= EXERCISE DIRECTIONS =
Leaving out pictures, output exactly the lines below from the one that has "Radish Seeds - Purple" through the one that has "Adotta un gatto, taglia", and nothing else.

= DATA PROVIDED =
☆ ☆ ☆ ☆

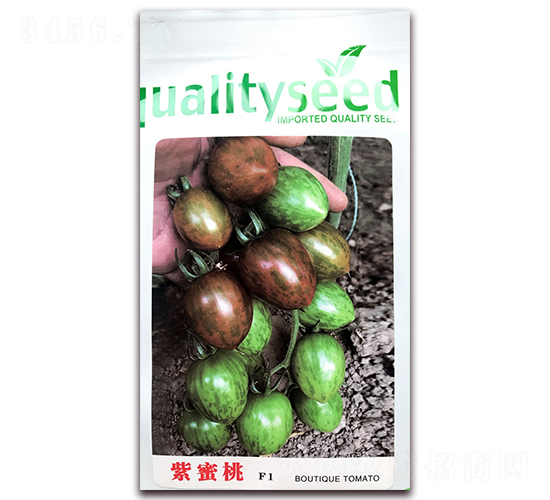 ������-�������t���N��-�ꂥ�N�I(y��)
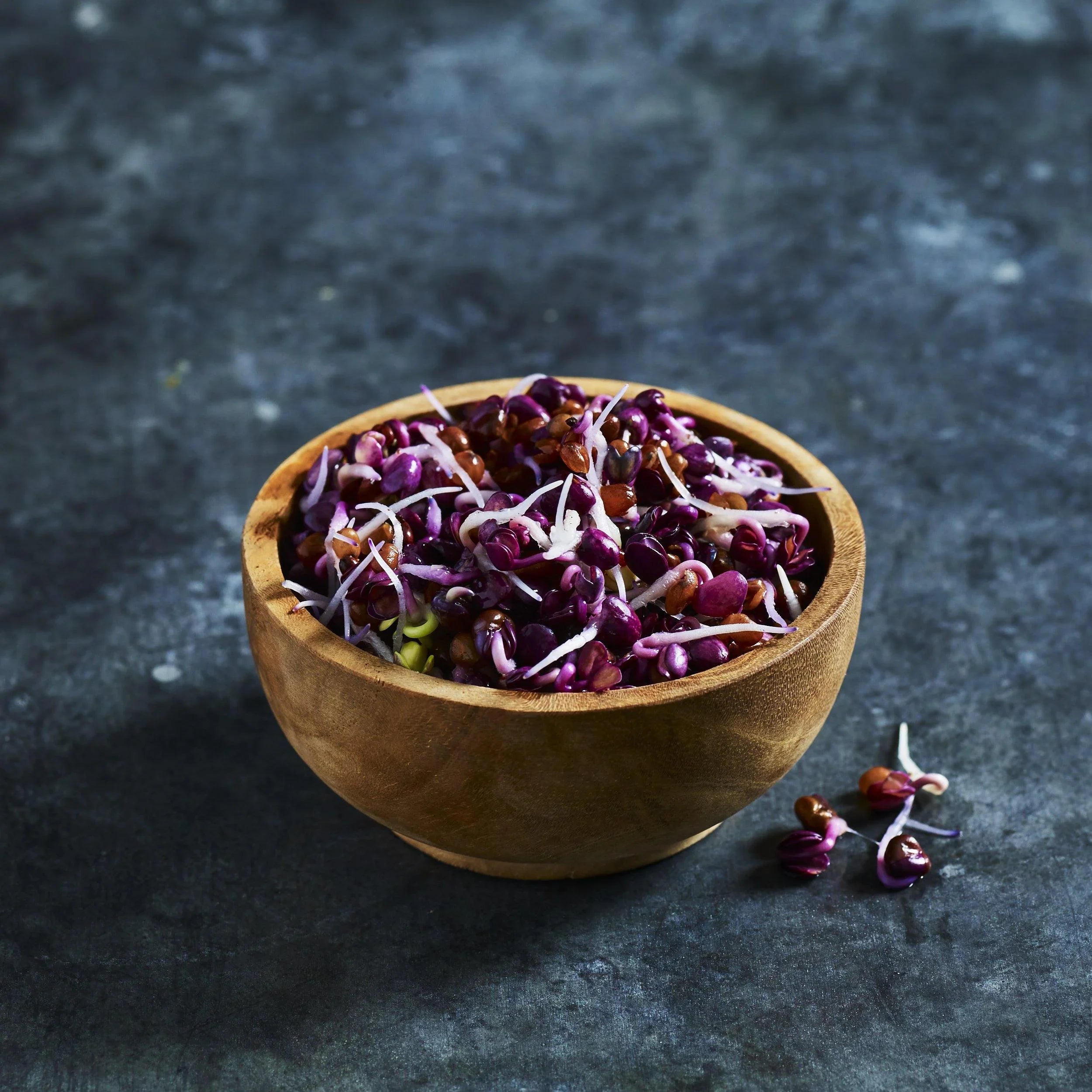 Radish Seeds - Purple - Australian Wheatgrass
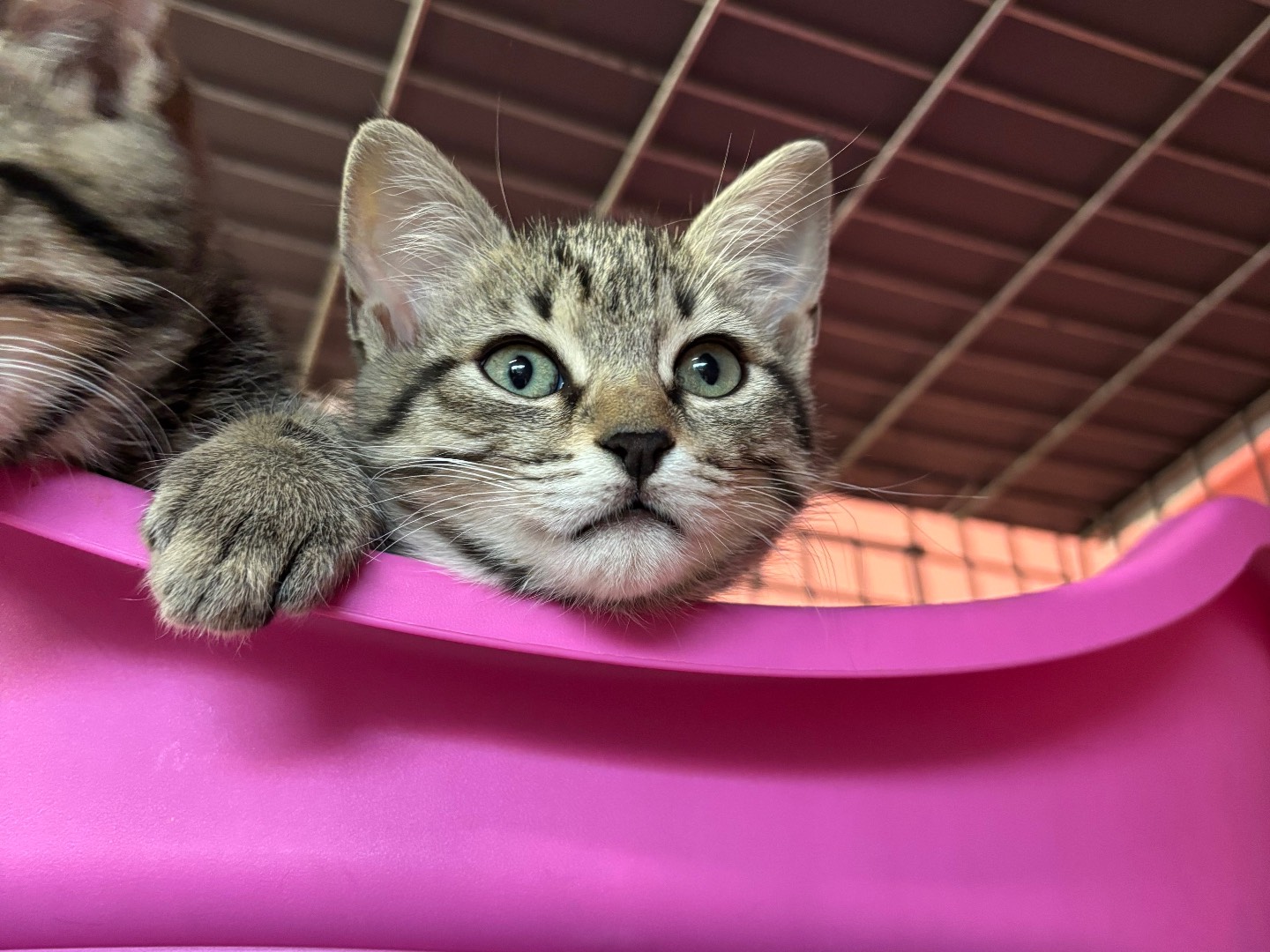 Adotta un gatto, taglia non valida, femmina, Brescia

☆ ☆ ☆ ☆

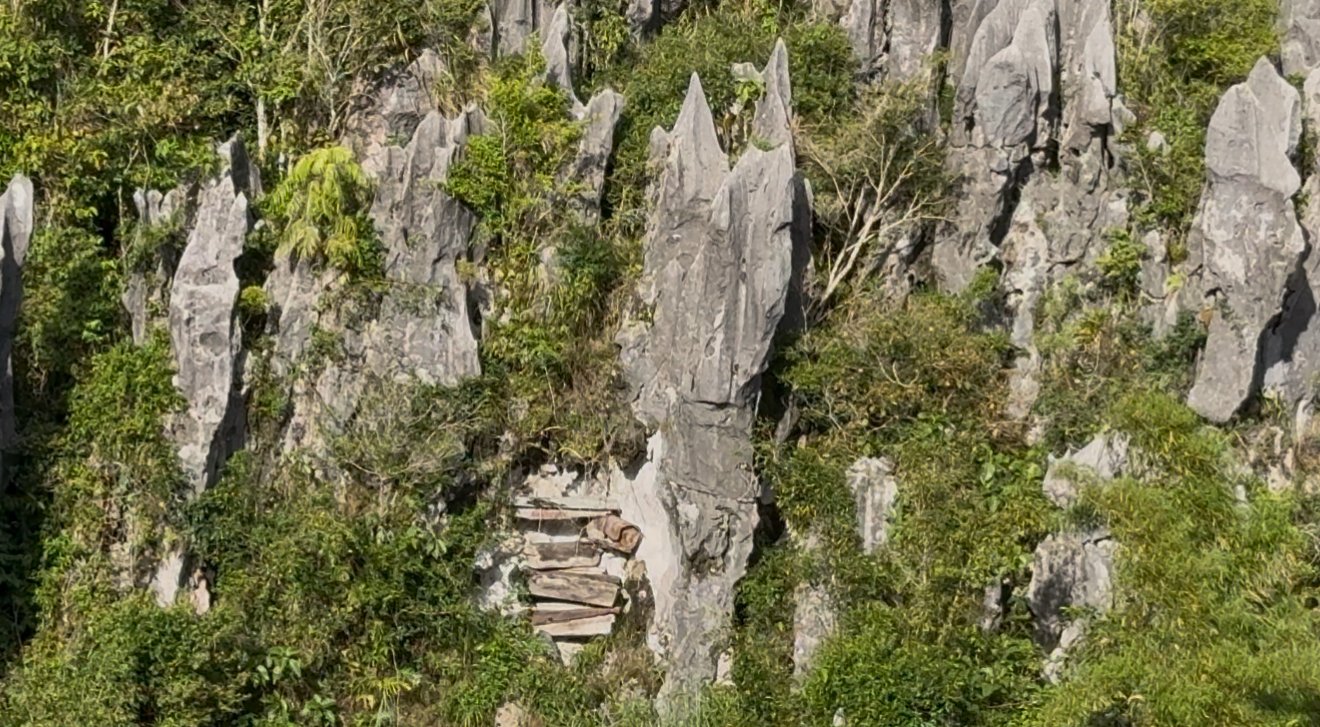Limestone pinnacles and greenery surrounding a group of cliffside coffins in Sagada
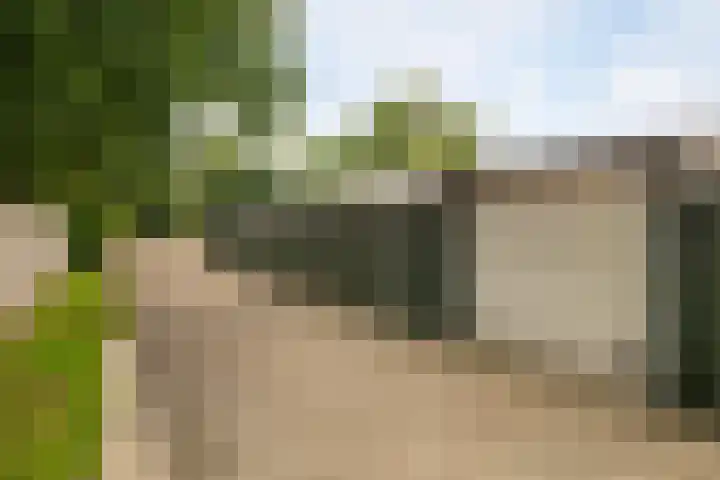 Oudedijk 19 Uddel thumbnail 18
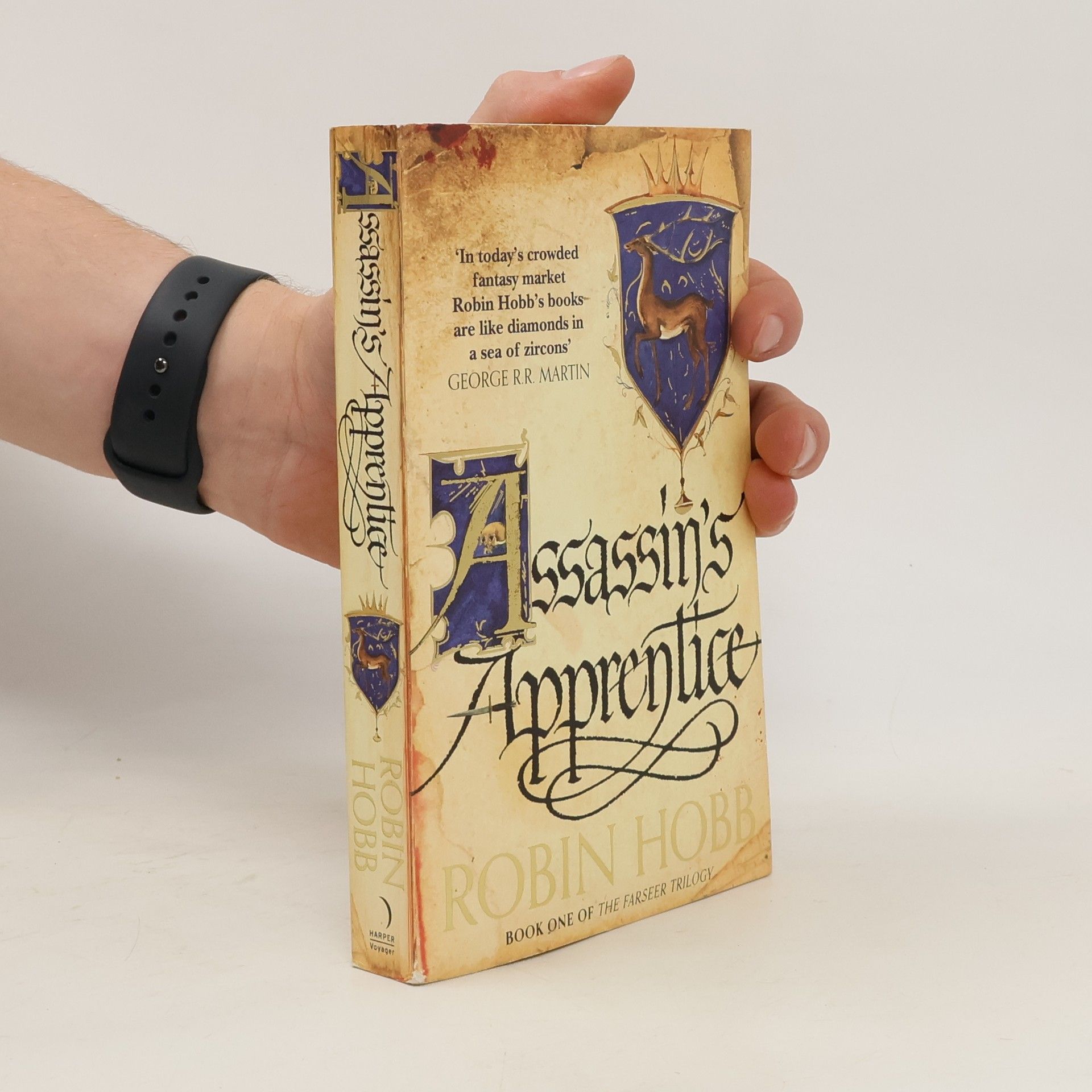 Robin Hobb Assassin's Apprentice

☆ ☆ ☆ ☆

= YOUR RESPONSE =
 Radish Seeds - Purple - Australian Wheatgrass
 Adotta un gatto, taglia non valida, femmina, Brescia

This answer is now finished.